The Centre’s new draft rules governing the country”s coastline have evoked a mixed reaction in Goa where environmentalists expressed concern over the norms while shack owners said their business will get a boost.
Early this week, the environment ministry issued the draft Coastal Zone Regulation (CRZ) Notification, 2018.
The notification, which proposes expanding land area for development activities and tourism infrastructure while also simplifying the procedure for CRZ clearances, has been uploaded on the ministry”s website for public comments.
It has classified areas with a population density of more than 2,161 per sq km as per 2011 Census as CRZ-III. In such areas, ‘no development zone (NDZ)’ – measured from the high tide line on the landward side – has been reduced to 50 metres from the existing 200 metres from the HTL.
In areas with a population density of less than 2,161 per sq kms, designated as CRZ-III B, the NDZ continues to be 200 metres from the high tide line (HTL).
However, the NDZ shall not be applicable in areas falling within notified port limits.
“Temporary tourism facilities shall be permissible in the NDZ of CRZ-III areas. Such temporary facilities shall only include shacks, toilets, washrooms, changing rooms, shower panels, walk ways.
“Such facilities shall, however, be permitted only subject to the tourism plan featuring in the approved Coastal Zone Management Plan (CZMP),” the notification said.
The notification has allowed local communities, including fishermen, to facilitate tourism through ‘home stay’ without changing the plinth area or design of facade of the existing houses.
The rules, if implemented in the current form, are likely to change the way Goa’s 105km long beach front looks.
Shack owners, who account for most of the economic activity in the coastal belt, have said the draft rules would help their business to a certain extent. Environmentalists, however, have expressed concern over the draft.
Antonio Mascarenhas, a former scientist with the CSIR- National Institute of Oceanography (NIO), said the draft rules give a “blanket permission” to shacks (temporary huts on coast which sell certain food items) to come closer to beaches.
The presence of these structures has already started affecting the frontal dunes which would be destroyed further if these draft rules are implemented, he maintained.

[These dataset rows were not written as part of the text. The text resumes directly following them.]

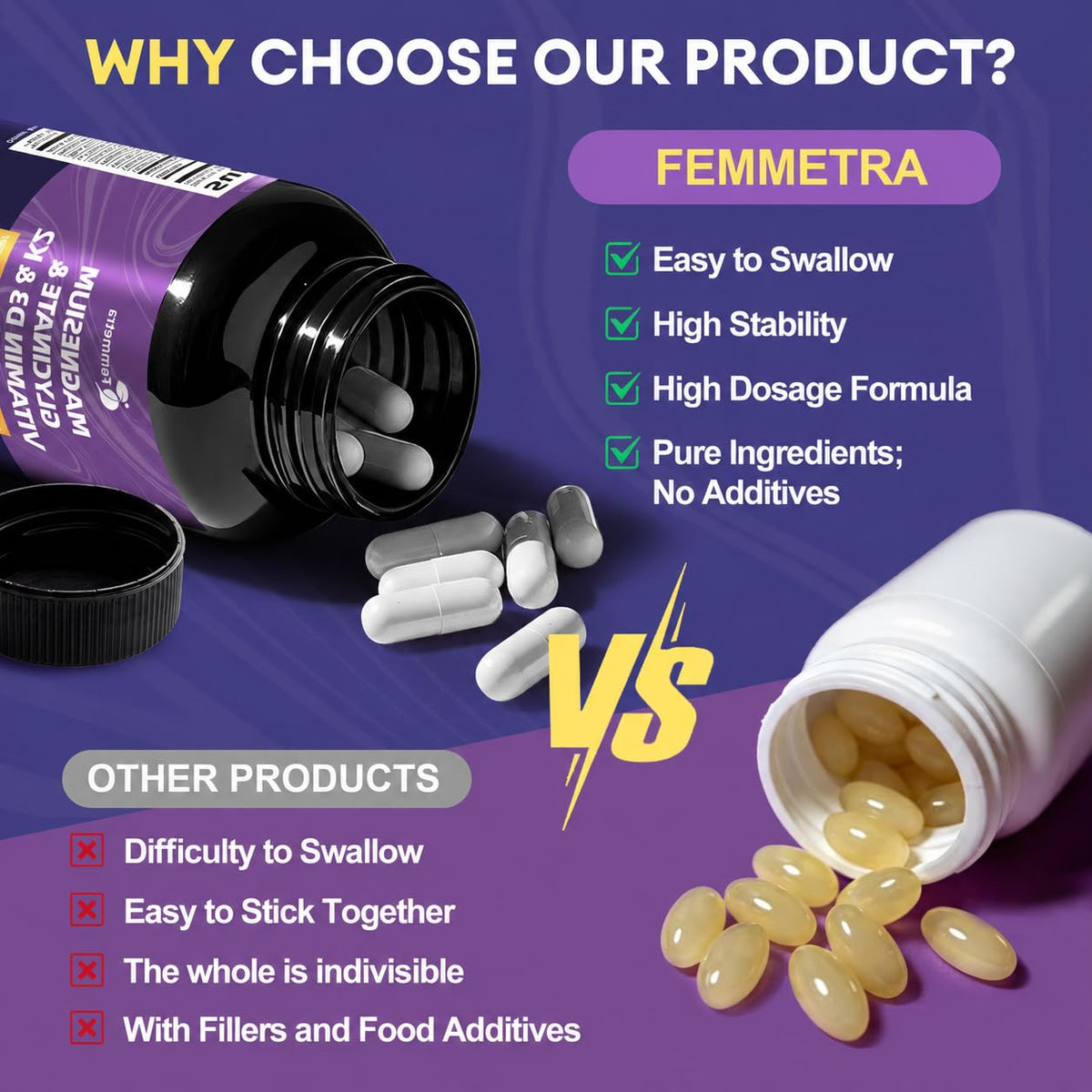 Femmetra 7-en-1 Magnésium Glycinate 600mg 120 capsules en situation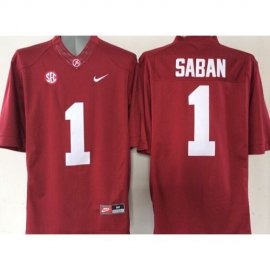 Crimson Tide #1 Nick Saban Red Stitched NCAA Jersey
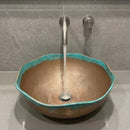 Handmade Moroccan Brass Vessel Sink, Hammered Round Bathroom Vanity Basin with Turquoise Patina Rim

“They would be detrimental to the state’s ecology,” he said, adding the draft rules have no scientific validity.
Mascarenhas said the issue of sand dunes has been given the least priority in the notification.
“Special emphasis should be laid on the ecological and geological role as well as functions of the coastal ecosystem, particularly beach dunes. These are more sensitive and more prone to human action,” he said.
President of the Shack Owners’ Welfare Society Cruz Cardoso said the proposed rules will help shacks on private properties, which were earlier facing hindrances.
“Seasonal beach shacks won’t see any impact as they are already on the seafront,” he said.
“Private shack owners had been demanding that the NDZ be reduced from 200 metres to 50 metres (from HTL) and this has been incorporated in the draft notification,” he said.
Cardoso said Goa has 250 private beach shacks and around 360 seasonal ones (which are erected for certain months).